**TRY IT**
When you reproduce the data, keep every word exactly as it stands and leave the pictures out.

**DATA**
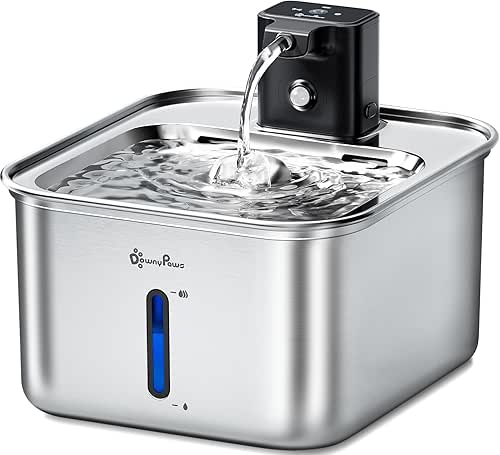DownyPaws Fontaine à Eau pour Chat sans Fil avec Batterie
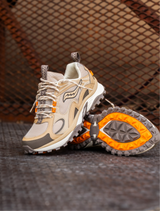 Mens Saucony Grid Aura X (Whey/Orange) - Saucony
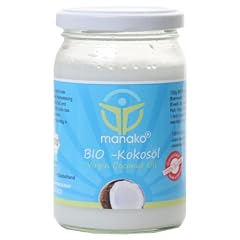 Manako Bio Kokos�l Kokosfett kaltgepresst GLAS, 1er Pack (1 x 250 ml)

**REPLY**
DownyPaws Fontaine à Eau pour Chat sans Fil avec Batterie
 Mens Saucony Grid Aura X (Whey/Orange) - Saucony
 Manako Bio Kokos�l Kokosfett kaltgepresst GLAS, 1er Pack (1 x 250 ml)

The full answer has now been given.